### Dataset extract
^^^^^^^^
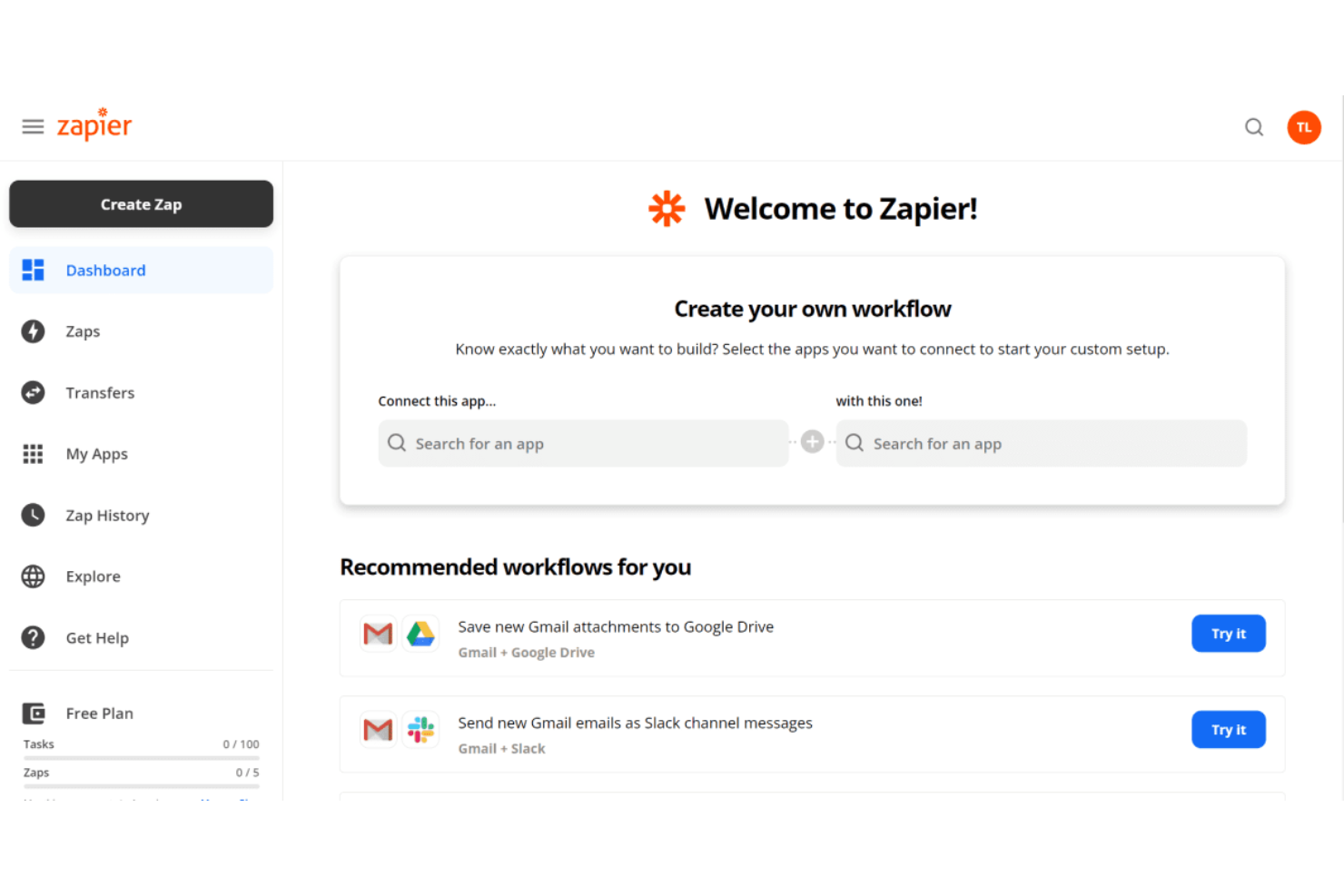 Zapier screenshot - Las 10 mejores alternativas a Jitterbit en 2026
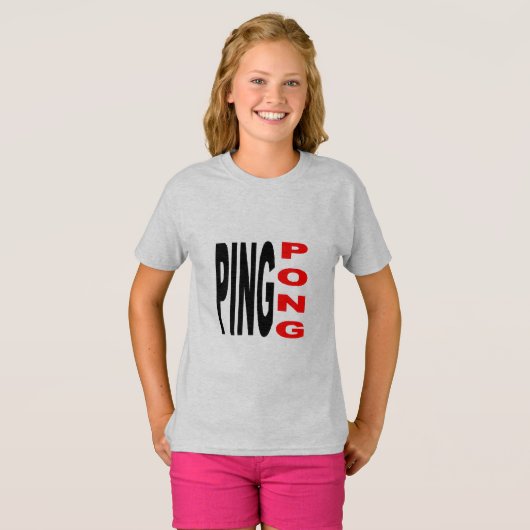 T-shirt cendre filles PING PONG (Devant entier)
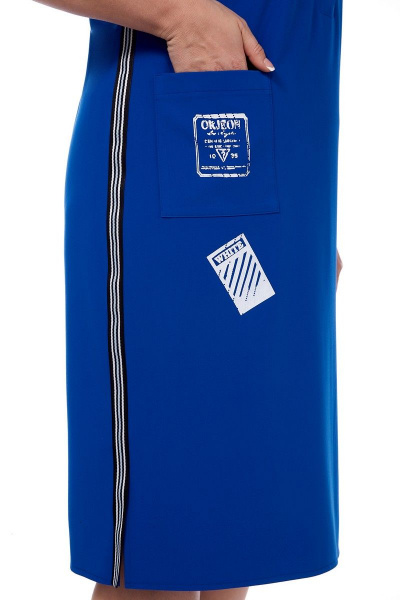 Летнее платье прямого силуэта с карманами и разрезами Matini 3.1510/1 василек - фото 10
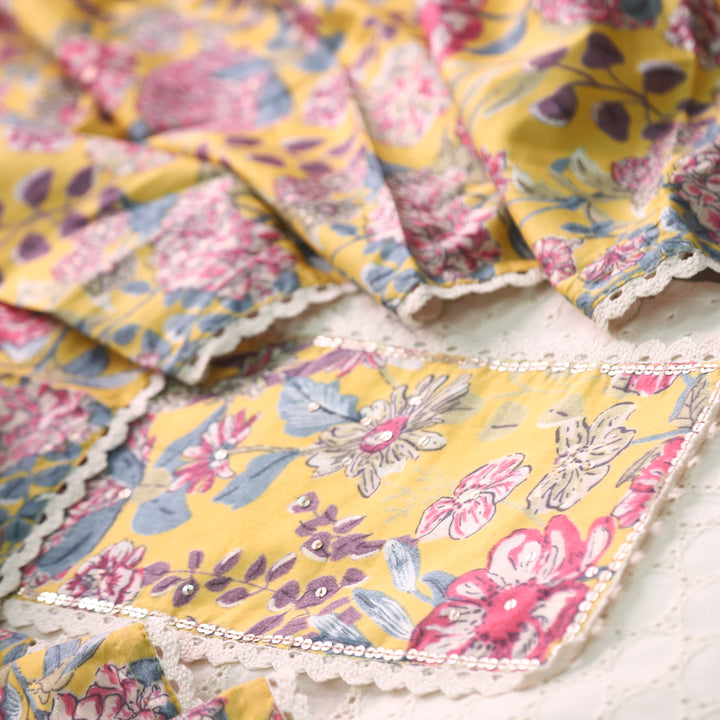 Naina Cream with Yellow Floral Printed Patch work Cotton Pakistani Suit Set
^^^^^^^^
### Problem statement
Without the pictures, please reproduce each line of the listing above exactly, from the first one through the line bearing "Летнее платье прямого".

### Finished task
 Zapier screenshot - Las 10 mejores alternativas a Jitterbit en 2026
 T-shirt cendre filles PING PONG (Devant entier)
 Летнее платье прямого силуэта с карманами и разрезами Matini 3.1510/1 василек - фото 10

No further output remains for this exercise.